··· SUPPLIED MATERIAL
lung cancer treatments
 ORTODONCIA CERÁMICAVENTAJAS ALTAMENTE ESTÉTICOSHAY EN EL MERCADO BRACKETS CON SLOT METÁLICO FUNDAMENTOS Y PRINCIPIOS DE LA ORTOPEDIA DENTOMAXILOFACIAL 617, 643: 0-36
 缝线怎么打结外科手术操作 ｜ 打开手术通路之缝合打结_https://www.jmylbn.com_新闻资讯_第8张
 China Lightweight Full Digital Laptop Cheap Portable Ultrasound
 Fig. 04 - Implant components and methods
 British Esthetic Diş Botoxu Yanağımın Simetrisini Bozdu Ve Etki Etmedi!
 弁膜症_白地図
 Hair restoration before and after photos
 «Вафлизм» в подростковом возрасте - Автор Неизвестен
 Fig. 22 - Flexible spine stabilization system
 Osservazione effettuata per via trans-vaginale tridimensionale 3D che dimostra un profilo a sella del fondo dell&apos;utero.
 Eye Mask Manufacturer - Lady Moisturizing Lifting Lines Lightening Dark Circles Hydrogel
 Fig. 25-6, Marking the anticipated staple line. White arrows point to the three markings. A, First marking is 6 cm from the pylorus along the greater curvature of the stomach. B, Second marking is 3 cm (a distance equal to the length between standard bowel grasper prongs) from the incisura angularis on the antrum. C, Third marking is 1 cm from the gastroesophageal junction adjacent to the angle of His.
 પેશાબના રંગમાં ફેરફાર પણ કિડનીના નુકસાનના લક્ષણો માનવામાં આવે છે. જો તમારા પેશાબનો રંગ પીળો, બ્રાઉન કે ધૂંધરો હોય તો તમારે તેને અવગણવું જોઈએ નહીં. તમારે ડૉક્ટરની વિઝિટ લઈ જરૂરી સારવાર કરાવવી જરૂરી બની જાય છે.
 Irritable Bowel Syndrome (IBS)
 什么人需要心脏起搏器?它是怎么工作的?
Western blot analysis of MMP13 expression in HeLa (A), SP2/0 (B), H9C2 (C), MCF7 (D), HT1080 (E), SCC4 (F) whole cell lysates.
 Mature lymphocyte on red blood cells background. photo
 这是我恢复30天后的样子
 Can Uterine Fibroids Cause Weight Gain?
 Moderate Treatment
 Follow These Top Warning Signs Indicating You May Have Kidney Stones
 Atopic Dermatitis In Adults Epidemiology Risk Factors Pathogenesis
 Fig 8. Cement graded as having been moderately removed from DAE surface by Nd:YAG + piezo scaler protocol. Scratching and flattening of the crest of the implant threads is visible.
······
DIRECTIONS> Wherever a line in the data above holds "from", copy that line.

REPLY>
 Fig. 25-6, Marking the anticipated staple line. White arrows point to the three markings. A, First marking is 6 cm from the pylorus along the greater curvature of the stomach. B, Second marking is 3 cm (a distance equal to the length between standard bowel grasper prongs) from the incisura angularis on the antrum. C, Third marking is 1 cm from the gastroesophageal junction adjacent to the angle of His.
 Fig 8. Cement graded as having been moderately removed from DAE surface by Nd:YAG + piezo scaler protocol. Scratching and flattening of the crest of the implant threads is visible.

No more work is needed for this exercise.